Three years ago, 147 tigers were rescued from a temple in Thailand. The Buddhist temple located in the Kanchanaburi province became famous as the "Tiger Temple." The temple is located west of the country's capital Bangkok became a tourist attraction where visitors could pose and get themselves photographed with the big cats. There were allegations of mistreatment of the big cats by wildlife enthusiasts and the government had to intervene. CNN has reported that the tiger is classified as an endangered species by the World Wildlife Fund. It is reported that wildlife has been depleted by over 50 percent in the last 40 years.

Tigers rescued

In 2016, all the tigers were rescued from the controversial temple and relocated to other parts of the country. Now it's revealed that half of the rescued tigers died. A government press release confirmed the deaths. Two reasons were advanced for this sad episode. It appears that the tigers died due to respiratory disease and a Canine Distemper Virus. The last-named is supposed to be a highly infectious disease that affects dogs but it can also affect bigger animals like tigers and other species.

Another reason could be that most of the tigers were inbred. This was confirmed by Prakit Wongsriwattanakul, the director-general of Thailands's Department of National Parks. As per reports, 86 of the 147 rescued tigers died.

Death of tigers

The death of the tigers is a surprise, as the tigers were rescued were "fairly healthy." The tigers were taken from the temple and let loose in the government sanctuary in Ratchaburi province about 90 km south of the temple at Kanchanaburi. Many of the tigers were taken from the temple after they were sedated and then taken to the government sanctuary.

Despite the advice of knowledgeable persons, the tigers were kept caged and this was perhaps one of the reasons that the disease spread. Another reason could be a lack of knowledge about how to breed tigers. This was reported by the Washington Post.

In 2016, a furor was created when the remains of nearly 40 tigers were discovered in freezers at the temple.

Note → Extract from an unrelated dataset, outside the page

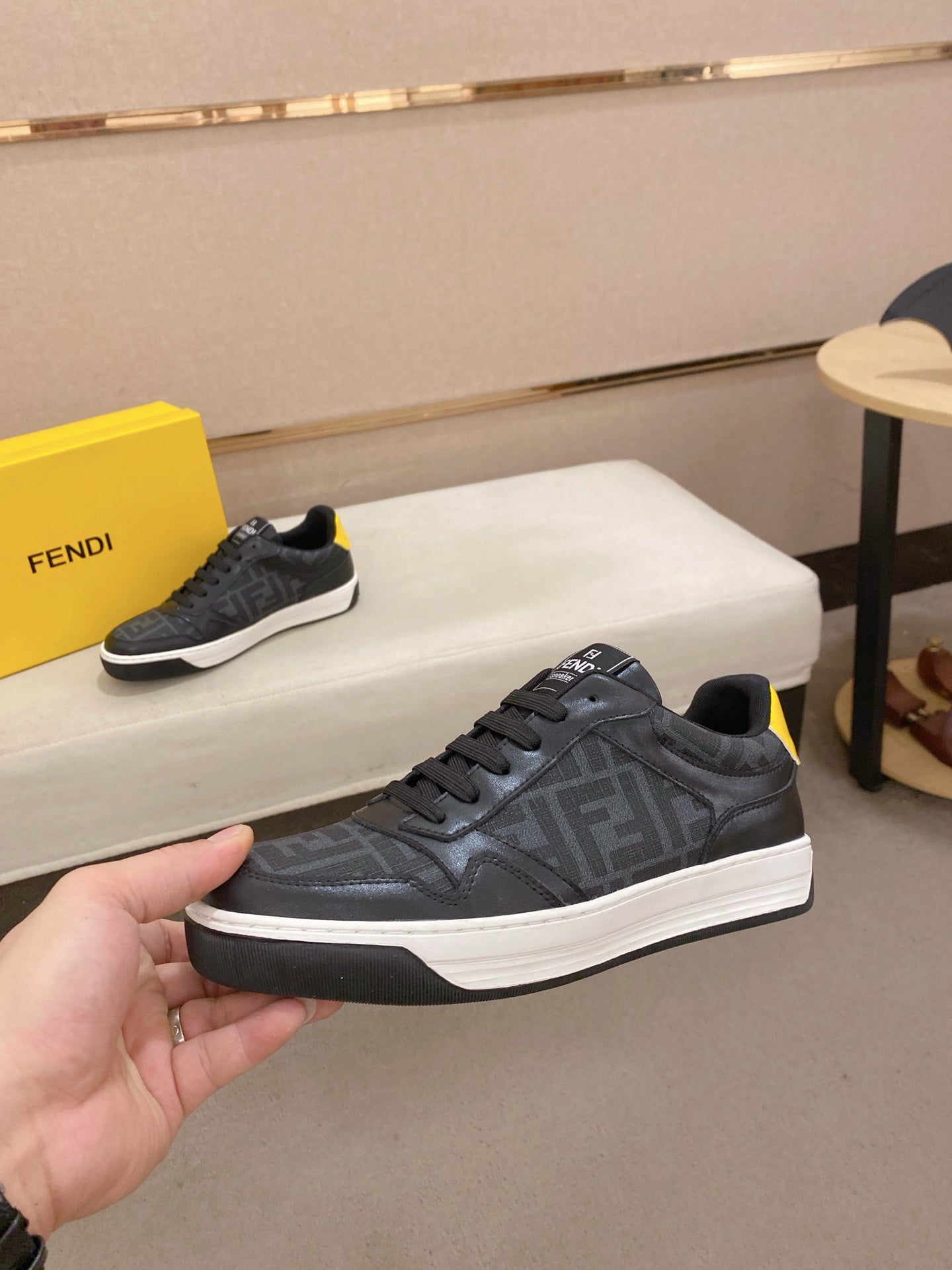 LuxluxHouse Best Quality Shoes Fendi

The remains of some other animals like deers and binturong, a Southeast Asian bearcat, were also found. This immediately led to an investigation by the Wildlife Conservation Office. An agreement of 2001 allowed the temple to keep the tigers with the provision that they would not use them for profit or breed them. The government had to intervene as there were reports of some tourists being attacked by tigers while walking around.

Monks charged

The tigers were rescued and five monks were charged with possession of endangered animal parts. The wheel has now come full circle and the rescued tigers have lost more than half of their brethren. Perhaps the Thai government can take a leaf out of "Project Tiger " in India which has led to an increase in the tiger population.